What this requires is input-side design, not model-side technique. Explainable AI (XAI) has largely focused on interpreting model outputs. This paper moves the question one step upstream: if the output is to be interpretable, the input must be interpretable first, and the input is shaped by interface design.

If training data is built through real-time labeling, three things become possible:

  • The sequential structure of judgment is preserved, so the model can learn why a given symptom score is 3, within its temporal context
  • Anchoring points function as shared criteria, keeping data consistent even when many annotators are involved
  • The clinician's process of restructuring questions becomes part of the training data itself, opening the possibility that the model learns conversational strategies that elicit meaningful responses

This direction lays a foundation for AI counseling systems that follow clinical reasoning rather than mimic surface dialogue. The study provides an academic grounding for that design methodology.

Open questions

The paper closes with three directions for future work: a multimodal interface that captures non-verbal cues, a flexible input structure that does not undermine rapport, and quantitative evaluation of how the collected data actually affects AI model performance.

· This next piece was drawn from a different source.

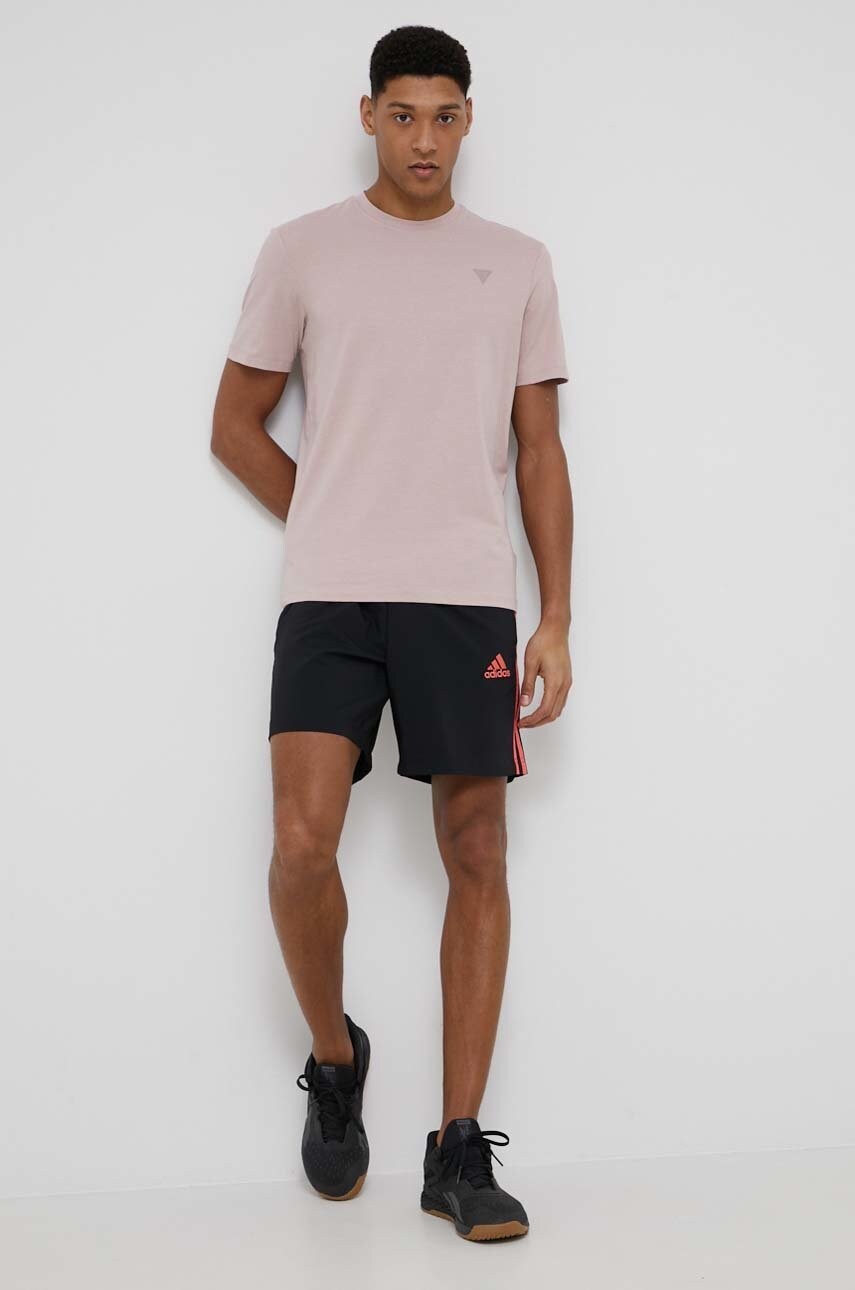 Adidas pantaloni scurti he4431 barbati, culoarea negru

Discussions of explainable AI have a long history, but most of them have focused on examining model outputs. The perspective this study offers is simple: for a model to explain its reasoning, the input must first be able to hold that reasoning.


References

[1] Benner, P.; Hughes, R. G.; Sutphen, M. Clinical reasoning, decision making, and action: Thinking critically and clinically. In Patient safety and quality: An evidence-based handbook for nurses, Vol. 2; Hughes, R. G., Ed.; Agency for Healthcare Research and Quality (US): 2008; pp. 87–102.

[2] Ramos, G.; Freitas, D. J. F.; Silva, D. S. Human–AI interaction design in interactive machine learning systems. ACM Comput. Surv. 2020, 53, Article 17.

[3] Amershi, S.; Cakmak, M.; Knox, W. B.; Kulesza, T. Power to the people: The role of humans in interactive machine learning. AI Mag. 2014, 35, 105–120.